Let us look at the difference between Israel entering the land, and the man in Christ. Everything depended upon their act. They must go in and possess the land. True, God brought them in, but they had to act in order to possess, and those who went in without faith did not remain possessors.
Now the believer is united to Christ, and is in full title and ownership of the heavenly places before he enjoys any of it. True, as he accepts in faith the portion which grace has given him, the greater is his sense of possession and consequently of his enjoyment. In the one case the act was necessary in order to obtain possession; in the other, there was as much title before enjoying the possession, as there was consequent on possession.
If I only possess heaven in proportion to my act of faith, as was the case with Israel respecting Canaan, I have no right to possession but as I secure it; my sense of owning the land is only as I set foot on it. Hence I am necessarily anxious as to my progress; my possession depends on it. But with a believer now, he has full title before he lays hold of any of it, and every apprehension of his portion only stimulates him the more to advance, and to be in association with Him who is there.

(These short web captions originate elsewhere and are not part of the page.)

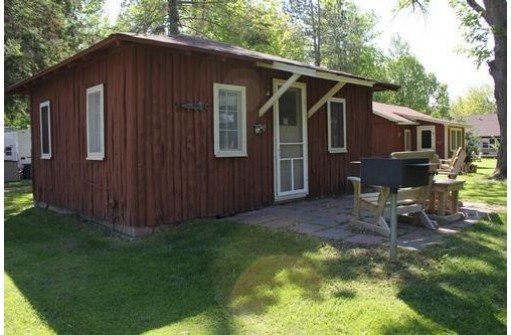 N1107 Roses Resort Road, Weyerhaeuser, WI 54895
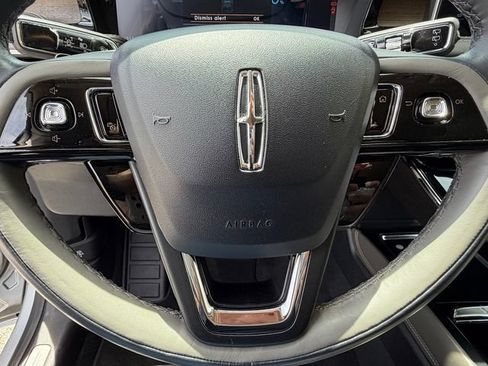 Used 2023 Lincoln Corsair Grand Touring w/ Equipment Group 301A AWD/4WD image 24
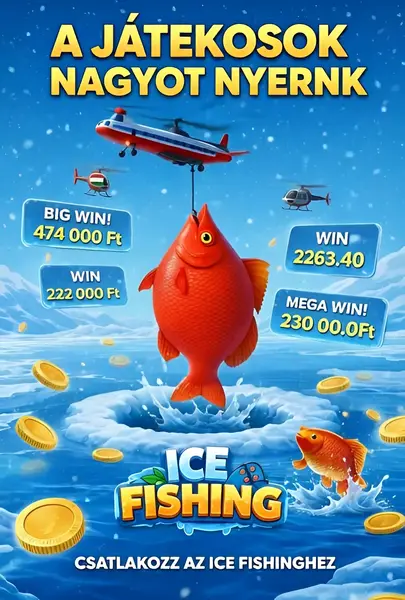 Кадр рекламы Big Win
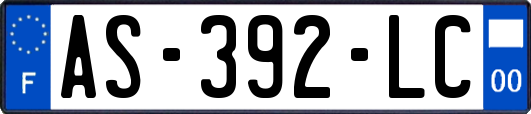 AS-392-LC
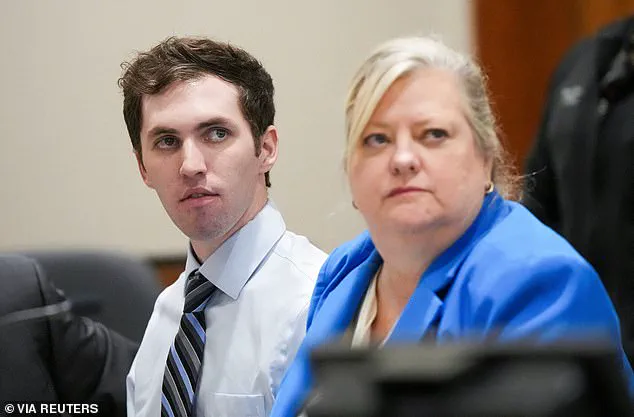 Late-Breaking: George Zinn Sentenced for Child Exploitation, Ties to Conservative Influencer Charlie Kirk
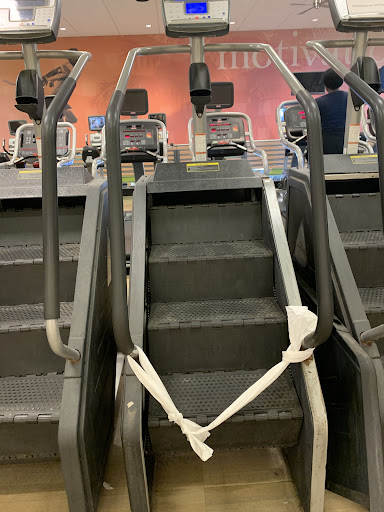 Gym «LA Fitness», reviews and photos, 852 NJ-3, Clifton, NJ 07012, USA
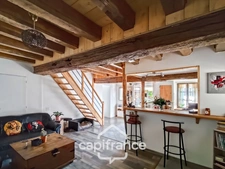Maison à vendre 4 pièces EVAILLE (72)  -  TERRAIN 7733 m²  -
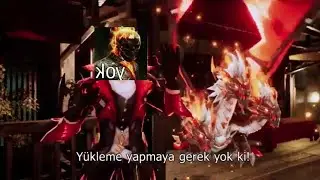 Kardeşim! Yükleme yaptın mı? *YOOK*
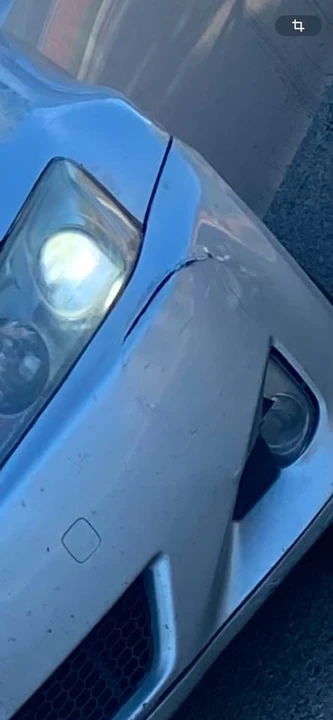2006 Lexus IS 2nd Gen - Image 4 of 4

It is the vastness of the blessing which he has in association with Christ, which makes him long to apprehend it more, as Paul says, “That I may apprehend that for which I am apprehended of Christ Jesus.” It is the breadth and length, and depth and height, which occupy him who has Christ dwelling in his heart by faith. He does not depend on his own progress for assurance of possession, but he is so assured of the unsearchable riches of Christ, as his portion, that he dwells on it in faith; and thus, as the greatness of his possession is realized, he longs to enter still more into what he is sure is his.
We all know the tendency there is on our hearts, and often in proportion to our earnestness, to be in the line of attainment, instead of being simple recipients; and it is well for us to note the difference in state which the effort to attain produces, from that which grace or the acceptance of gift produces.
One who is in the former is never even; he is elated at any sense of his progress, and depressed if he becomes conscious of his losing ground, though generally he is too well pleased with his own engrossment of desire to advance, and obtain more. In the other, in proportion as the grace is simply held, there is great balance and evenness.
There is ever a sense of being far behind in enjoying the vastness of what has been conferred; and there is the greatest thankfulness for a sight of it, while with each new acquisition, there is the sense that “the draught which lulls our thirsting awakens our thirst anew.” The one is like a man making a fortune; while the other is exploring the vastness of the gift bestowed upon him; one necessarily is occupied with what he is doing; the other is praising the Lord for all that He has shared with him.
Surely the one with boundless resources in Christ, and with any fidelity of heart for Him, must surpass the most devoted heart that does not know its portion in its object. The Queen of Sheba is after all only an enraptured spectator, while the believer is united to Christ and participates with Him in His things: and surely the latter must, because of intuitive or intrinsic grace, surpass the former.